§ **Exercise data**
------------------------------

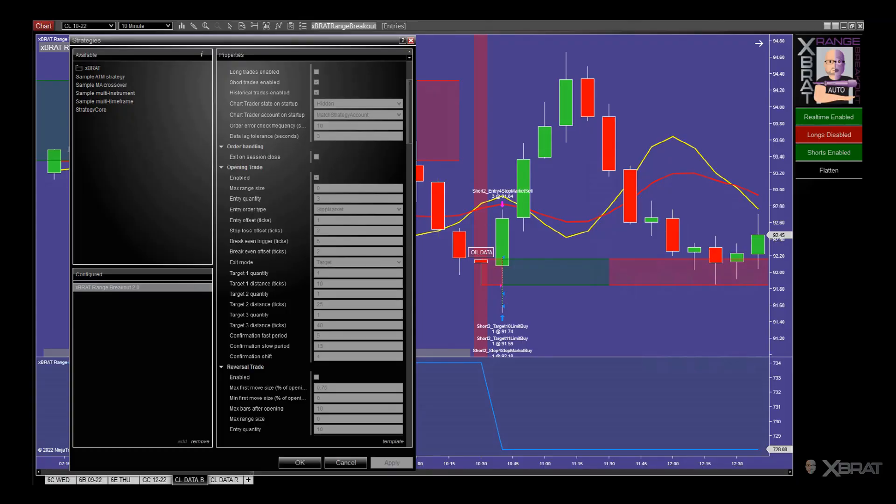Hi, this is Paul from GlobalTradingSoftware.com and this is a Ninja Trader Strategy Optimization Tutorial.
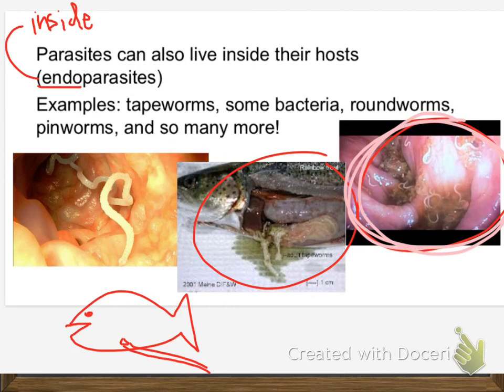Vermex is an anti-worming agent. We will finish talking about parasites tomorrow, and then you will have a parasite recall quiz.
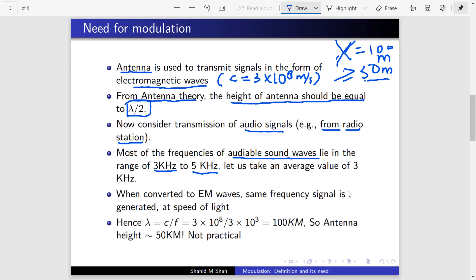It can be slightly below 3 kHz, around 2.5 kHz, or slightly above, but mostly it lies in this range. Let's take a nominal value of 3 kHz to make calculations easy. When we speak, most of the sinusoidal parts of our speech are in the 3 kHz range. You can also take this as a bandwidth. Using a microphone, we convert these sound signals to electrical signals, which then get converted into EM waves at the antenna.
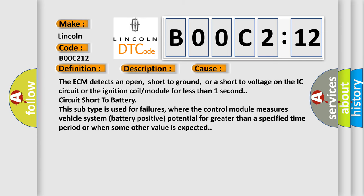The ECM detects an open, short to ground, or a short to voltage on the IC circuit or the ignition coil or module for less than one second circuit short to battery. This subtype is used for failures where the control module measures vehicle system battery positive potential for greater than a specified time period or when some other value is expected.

------------------------------

§ **Exercise brief**
Your response must consist of the lines from the beginning of the data through the line containing "It can be slightly", transcribed exactly, with no pictures.

§ **Task solution**
Hi, this is Paul from GlobalTradingSoftware.com and this is a Ninja Trader Strategy Optimization Tutorial.
Vermex is an anti-worming agent. We will finish talking about parasites tomorrow, and then you will have a parasite recall quiz.
It can be slightly below 3 kHz, around 2.5 kHz, or slightly above, but mostly it lies in this range. Let's take a nominal value of 3 kHz to make calculations easy. When we speak, most of the sinusoidal parts of our speech are in the 3 kHz range. You can also take this as a bandwidth. Using a microphone, we convert these sound signals to electrical signals, which then get converted into EM waves at the antenna.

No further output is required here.